A year after the accidental electrocution of colossally bitchy supermodel Alexis Carpenter in a freak champagne accident (giallo has never been the most rigorously realistic genre), her magazine is preparing a tribute to her...but her clothes are stolen and members of the fashion house are being viciously killed off by a masked maniac. Who could be responsible? In the end it doesn't really matter who the killer is: the joys of Crystal Eyes come from the art direction and production design achieved on a tiny budget, and not the smug satisfaction of having beaten Poirot to the correct solution. It works as a mystery anyway, with a few red herrings scattered around that I fell for, but its principal attraction is as a pin-sharp tribute to a genre gone by and on that level it's as much fun as I could have wanted.

****

Wednesday, 29 August 2018

CLIMAX

*

Let's start at the end, shall we? Such a very Gaspar Noe thing to do, to begin (as this one does) with the end credits scrolling downwards and finishing with the title, in the same way that I've started off with the star rating and left the spoiler warning till the end. Such a wacky maverick is our Gaz, such a japester: putting erupting 3D willies in Love (a film I kind of enjoyed), colossally long single takes in Enter The Void (a film I didn't much like), telling the whole story backwards in Irreversible (a film I absolutely hated)...and what now? Oh, let's have the last half hour of the film upside down. Let's do everything in dreamlike long takes. Let's back everything with a thudding, throbbing club soundtrack. Why? Because this is Un Film De Gaspar Noe.

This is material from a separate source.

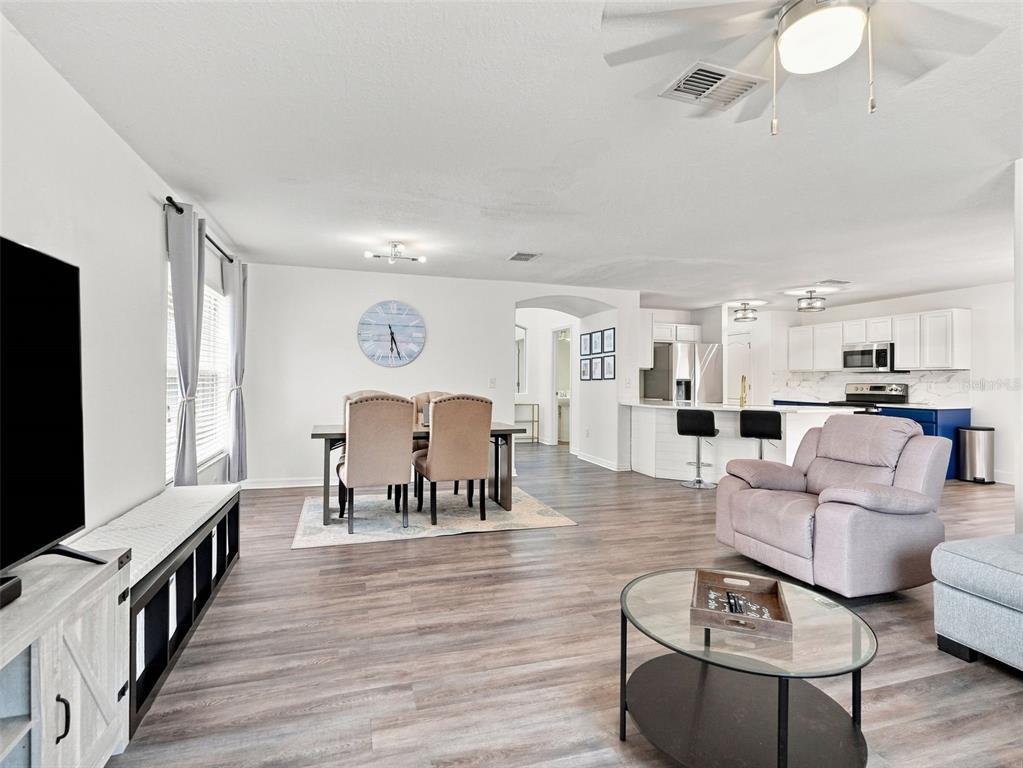 An open-concept living and dining area features wood-look flooring, a kitchen island, and neutral furniture — 12607 CHENWOOD AVENUE, HUDSON, FL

Very few films have compelled me to bellow 15-certificate profanities into the howling wastes of Leicester Square within seconds of the lights going up, but Noe's newie managed it. Watching Climax left me feeling like I'd been poleaxed: subjected to the evil brain-mangling technique from The Ipcress File. I can't recall the last time I left a cinema so thoroughly battered and so thoroughly angry about it - probably Aronofsky's hideous Mother! (which I still refuse to put in lower case). I can't recall the last time I had the urge to just get up, walk out of the screening and not look back. Maybe I should have; I'm still wondering.

Climax, like all of Gaspar Noe's films (possibly excepting Seul Contre Tous because I haven't seen it), is not a plot-based movie. The shooting script was only five pages long and to be honest it wouldn't surprise me if the pages were A5 or A6 size because frankly you could get the whole thing on one sheet of foolscap and still leave lots of room for porny doodles. Following a successful rehearsal, a dance troupe wind down with a party, which would be great if someone hadn't spiked the sangria with LSD. From that point on, once the drugs take effect, everyone goes crazy as the party and the film spend the next hour descending into a sexual, violent and/or terpsichorean hell.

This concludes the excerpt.